WHAT NEEDS TO BE DONE: For the data that follows, print the line with "In this way", the line with "As you can see, I", and all lines between them, exactly as they stand. Omit pictures and add nothing.

··· GIVEN MATERIAL

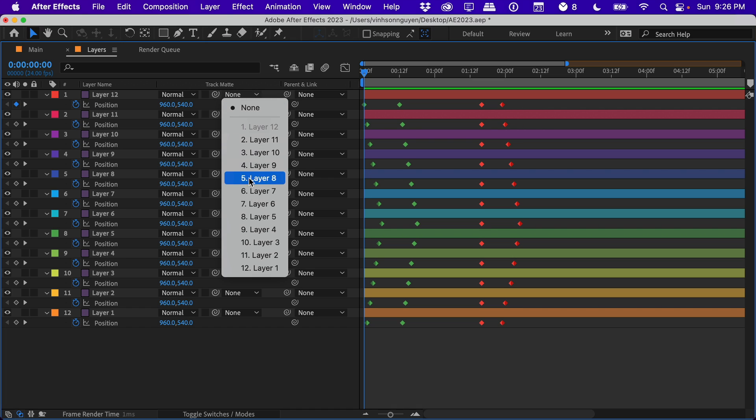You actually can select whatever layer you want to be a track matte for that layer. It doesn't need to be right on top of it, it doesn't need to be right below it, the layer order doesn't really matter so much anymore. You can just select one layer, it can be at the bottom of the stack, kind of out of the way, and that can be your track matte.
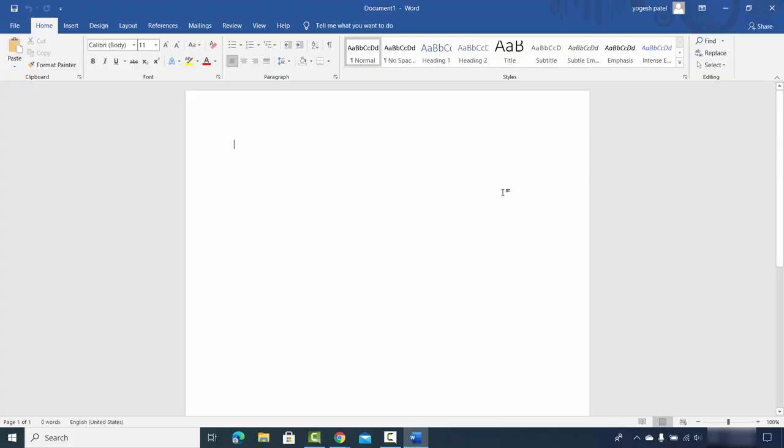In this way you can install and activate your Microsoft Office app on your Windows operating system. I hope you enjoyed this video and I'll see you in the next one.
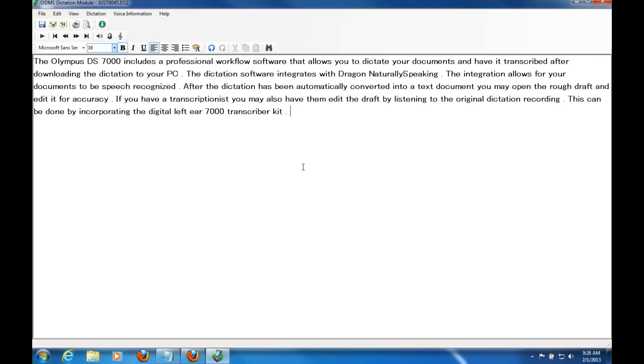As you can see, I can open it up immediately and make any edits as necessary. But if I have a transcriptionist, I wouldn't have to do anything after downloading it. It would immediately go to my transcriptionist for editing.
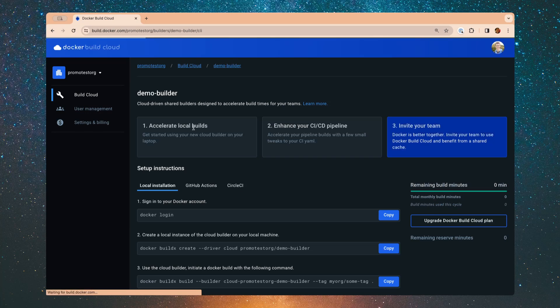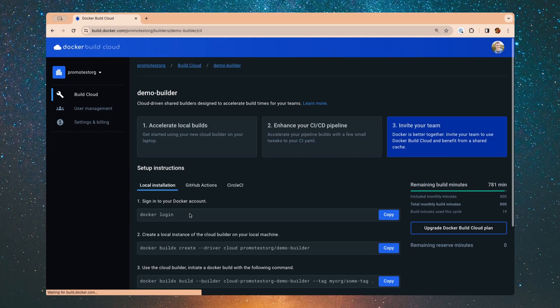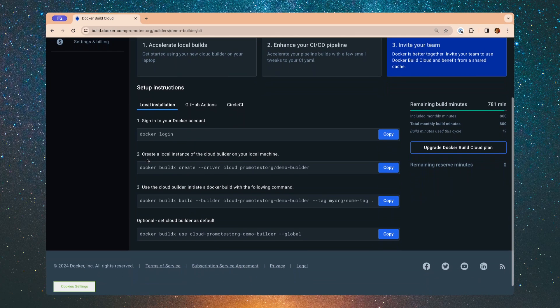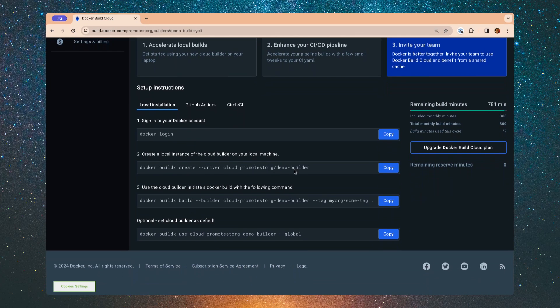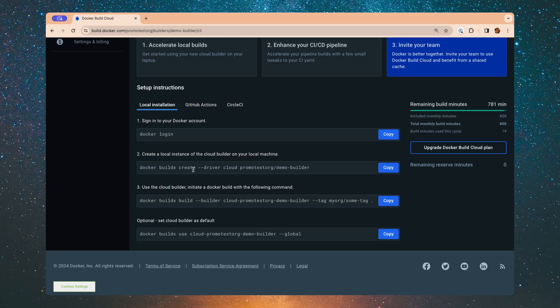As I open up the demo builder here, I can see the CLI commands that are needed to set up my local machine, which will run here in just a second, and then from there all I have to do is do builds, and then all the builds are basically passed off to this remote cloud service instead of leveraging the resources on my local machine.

······

RESULT FOR THIS EXERCISE:
In this way you can install and activate your Microsoft Office app on your Windows operating system. I hope you enjoyed this video and I'll see you in the next one.
As you can see, I can open it up immediately and make any edits as necessary. But if I have a transcriptionist, I wouldn't have to do anything after downloading it. It would immediately go to my transcriptionist for editing.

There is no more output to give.